In fact, if anyone knows how to climb the ladder of legal procedures and find short cuts through the bureaucratic maze, it's Pavelson. Having worked with the system for eight years and speaking fluent Latvian, she has the two things most needed by foreign entrepreneurs – experience and language. These are the two things that would have made Matt Ettl's life a lot easier when he and partner John Whitmore opened up the Lingua Franca language center two years ago.
"It's going to be so hard if you don't have contacts here that know the ropes," says Ettl, an American who has lived in Latvia for five years. "Without having local friends here, we couldn't have done it. The language issue is a big deal, and there are so many nuances here that seem different from at home."
Ettl and Whitmore opened Lingua Franca, a language center that offers English, Latvian, Russian and French courses, in July of 2002. Although the legal paperwork only took a few months to complete with the help of a local lawyer, Ettl admits that the process was extremely tedious and stressful.
"It was difficult mostly because of the language barrier and trying to understand what's required of you," Ettl says. "There's a lot of standing in lines then being told you're in the wrong line – and going from office to office."
Unlike Pavelson, Ettl has never experienced starting up a business before – not in Latvia, not in the U.S.A. Therefore, having nothing to compare the Latvian system with, it was difficult for him to judge how organized the overall process was.

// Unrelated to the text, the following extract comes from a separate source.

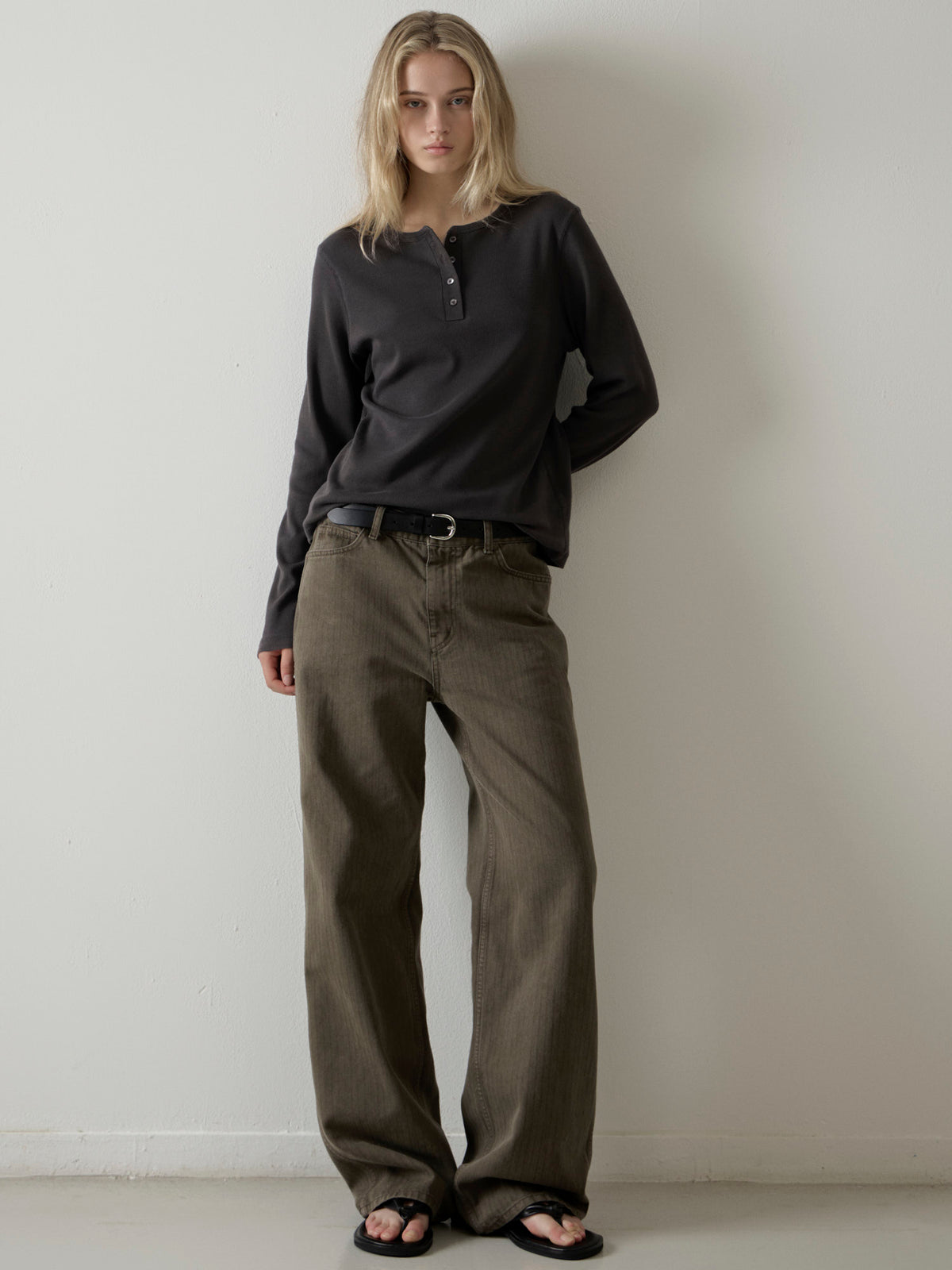 Striped Straight Denim_khaki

"It's hard to say if it's disorganized," he says. "It's chaotic, but from both sides. We were probably as unorganized as they were."
Pavelson, however, confirms Ettl's suspicion that the process is not as efficient as it could be. In addition to problems and misconsensus over the laws, much of the system is still corrupt, registration and taxes are expensive and the declaration procedure is unreasonably drawn out and complicated.
"It's the system itself [that's difficult]," Pavelson explains. "It's still 50-50 sovietsky with bits of American, German, Canadian, et cetera being added. But it's growing – from Soviet to whatever it's going to be."
Having helped firms battle this chaotic process for years, Pavelson knows exactly what to expect now that she's starting her own company. The plans for her downtown restaurant are already laid out and she hopes to open this fall. As of now, the consultant is just waiting for a "yes" from the bank.
"It's pretty smooth and much easier now because I know all the hurdles coming," she says.
Despite the stress and difficulty of opening a business in Riga, both entrepreneurs agree that it's worth it in the long run. According to Pavelson, there's a future in Latvia, especially with EU membership creating an image of stability around the small Baltic country.
"I think it's worth it to open a business in Latvia," she says. "Since 9/11 Eastern Europe was at one point the only growing economy in the world."
Statistics support her claim. With 2004 growth projected at 6.5 percent, Latvia's economy is flourishing. Even Ettl admits he's impressed by the amount of progress his small corporation has achieved. The school had only two teachers when it opened, now it employees nine and the number of clients is steadily growing.
"I'm glad that I didn't know how difficult [starting a business] was. I don't know that I would have gone for it," Ettl says. "But now I'm glad we did it. When I look back two years I can't believe where we are now. We'll keep moving forward."